Le Panama, la Barbade, la Grenade, la Corée du Sud, Macao, la Mongolie, la Tunisie et les Emirats arabes unis ne seront plus fichés « à la suite d’engagements pris au plus haut niveau politique pour répondre aux inquiétudes de l’UE », précise un communiqué des ministres européens. La liste doit être réexaminée au moins une fois par an, mais le groupe chargé de son élaboration, baptisé groupe « Code de conduite », peut recommander une mise à jour à tout moment. Les huit pays retirés de la liste noire se retrouvent sur une « liste grise », aux côtés de 47 autres qui se sont engagés à prendre des mesures pour modifier leur législation fiscale.

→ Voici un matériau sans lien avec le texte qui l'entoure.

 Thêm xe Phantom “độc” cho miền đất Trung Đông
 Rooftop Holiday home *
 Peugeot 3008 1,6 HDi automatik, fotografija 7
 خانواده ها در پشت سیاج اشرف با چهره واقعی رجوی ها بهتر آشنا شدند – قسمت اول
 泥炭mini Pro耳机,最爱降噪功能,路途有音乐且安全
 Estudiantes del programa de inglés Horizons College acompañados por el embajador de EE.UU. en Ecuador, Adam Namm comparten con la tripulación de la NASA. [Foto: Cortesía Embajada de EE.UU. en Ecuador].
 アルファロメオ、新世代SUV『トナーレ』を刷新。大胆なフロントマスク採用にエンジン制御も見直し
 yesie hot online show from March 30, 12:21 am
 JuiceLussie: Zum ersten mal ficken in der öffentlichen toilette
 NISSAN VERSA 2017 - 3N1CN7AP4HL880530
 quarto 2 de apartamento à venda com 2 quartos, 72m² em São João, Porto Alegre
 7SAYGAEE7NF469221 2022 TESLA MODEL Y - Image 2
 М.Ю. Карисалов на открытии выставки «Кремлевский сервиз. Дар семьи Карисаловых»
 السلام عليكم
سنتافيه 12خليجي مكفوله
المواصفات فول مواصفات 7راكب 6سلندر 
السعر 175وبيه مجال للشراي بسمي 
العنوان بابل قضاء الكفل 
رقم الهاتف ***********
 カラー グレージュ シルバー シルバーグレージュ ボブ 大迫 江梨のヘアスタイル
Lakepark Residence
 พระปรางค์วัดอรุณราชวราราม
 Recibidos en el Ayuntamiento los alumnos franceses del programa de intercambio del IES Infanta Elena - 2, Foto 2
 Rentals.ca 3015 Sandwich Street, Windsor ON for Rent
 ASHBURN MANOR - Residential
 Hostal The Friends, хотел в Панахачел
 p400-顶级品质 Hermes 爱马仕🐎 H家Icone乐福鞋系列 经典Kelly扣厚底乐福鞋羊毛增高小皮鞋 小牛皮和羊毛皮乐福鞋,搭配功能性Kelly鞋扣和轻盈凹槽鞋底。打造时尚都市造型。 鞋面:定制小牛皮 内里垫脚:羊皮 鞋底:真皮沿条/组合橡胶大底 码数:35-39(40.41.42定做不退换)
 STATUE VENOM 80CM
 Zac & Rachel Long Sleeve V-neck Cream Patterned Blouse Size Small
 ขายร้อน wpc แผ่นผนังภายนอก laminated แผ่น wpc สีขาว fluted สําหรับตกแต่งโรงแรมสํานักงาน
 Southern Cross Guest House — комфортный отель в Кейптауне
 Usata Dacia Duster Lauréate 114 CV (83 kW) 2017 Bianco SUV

Barrer Panama, un aveu d’échec ?

Neuf pays ou juridictions restent sur la liste noire de l’Union européenne (UE) : les Samoa américaines, Bahreïn, Guam, les îles Marshall, la Namibie, Palau, Sainte-Lucie, les Samoa, Trinité-et-Tobago. « La décision prise aujourd’hui est l’aveu d’un échec. Barrer de la liste noire le Panama, l’un des paradis fiscaux les plus florissants au monde, est un signe désastreux pour le combat contre la fraude fiscale », a déploré Markus Ferber, vice-président de la commission des affaires économiques du parlement européen, cité par Reuters. Selon lui, les ministres auraient dû au contraire étendre la liste noire à certains pays de l’UE, comme Malte, et à des territoires britanniques d’outre-mer. « L’Union se précipite pour enlever des pays de la liste sans savoir exactement ce que ces pays se sont engagés à faire, cela mine les efforts pour lutter contre les paradis fiscaux », a estimé Aurore Chardonnet, du groupe Oxfam qui milite contre les injustices et la pauvreté.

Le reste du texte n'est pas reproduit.